Ob diese auch eingehalten werden, ist eine weitere Frage, auf die die Pisa-Studie eine Antwort gibt: Selbst bei einem Verbot lässt nur eine Minderheit von 17 Prozent der Jugendlichen das Handy konsequent in der Tasche. Dennoch bleiben die Verbote nicht ohne Wirkung; sie schränken durchaus die Nutzung ein. Ohne Restriktion greift etwa jeder zweite Jugendliche täglich in der Schule zum Handy, mit einem Verbot ist es nur etwa jeder dritte.
Doch schon die bloße Anwesenheit eines Handys lenkt die Schüler oft ab, das ist das Ergebnis der »Brain Drain«-Studie von 2017, das später durch eine Metaanalyse von 22 Studien bestätigt wurde. Oft ist es der Druck, immer erreichbar zu sein, der die Jugendlichen nervös macht. Rund ein Viertel von ihnen gab nämlich an, die Handy-Benachrichtigungen während des Unterrichts nie oder fast nie auszuschalten. Das hat Auswirkungen aufs Lernen. Denn jene, die Benachrichtigungen im Unterricht immer ausschalten, schnitten beim Pisa-Leistungstest deutlich besser ab.

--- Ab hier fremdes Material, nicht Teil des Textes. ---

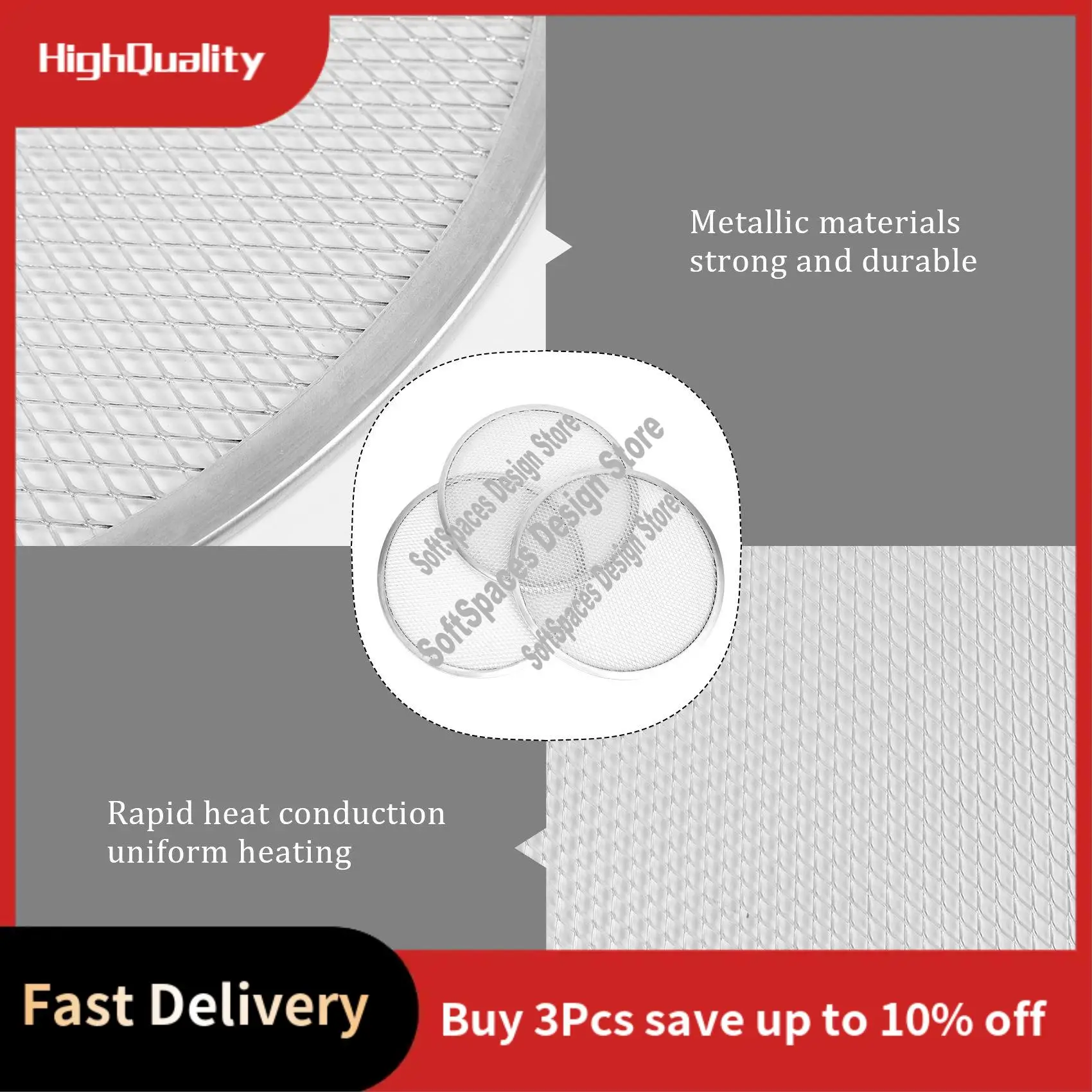 

A51M-12 Inch Aluminum Pizza Screen Pizza Pan With Holes Pizza Pan,Baking Tray For Round Pizza Crisper Tray Pizza Baking Tray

Es spricht also einiges dafür, die Smartphones konsequenter aus dem Unterricht fernzuhalten, wie es Hessens Bildungsminister Schwarz verlangt. Er begründet dies damit, dass die Kinder und Jugendlichen frei von Ablenkung und Ängsten lernen sollten. »Wir dürfen nicht tatenlos zusehen, wie sich eine ausufernde Smartphone-Nutzung mit teilweise verstörenden Inhalten auf Social Media weiter negativ auf die psychische Gesundheit und Lernfähigkeit junger Menschen auswirkt.«
Einen kritischen Blick auf pauschale Verbote wirft Katharina Scheiter. »Es bringt nichts, wenn Kinder den ganzen Vormittag zwanghaft den Griff zum Handy unterdrücken und kompensatorisch am Nachmittag unkontrolliert damit herumspielen«, erklärte die Professorin für digitale Bildung an der Universität Potsdam dem Deutschen Schulportal. Es müsse in der Schule vielmehr auch um Fragen gehen wie: »Welche Rolle spielt das Handy für mich? Muss ich immer genau wissen, was meine Freundinnen und Freunde gerade machen? Kann ich gar nicht mehr ohne Handy leben?« Scheiter plädiert dafür, Kindern Strategien an die Hand zu geben, wie sie mit solchen Situationen umgehen können.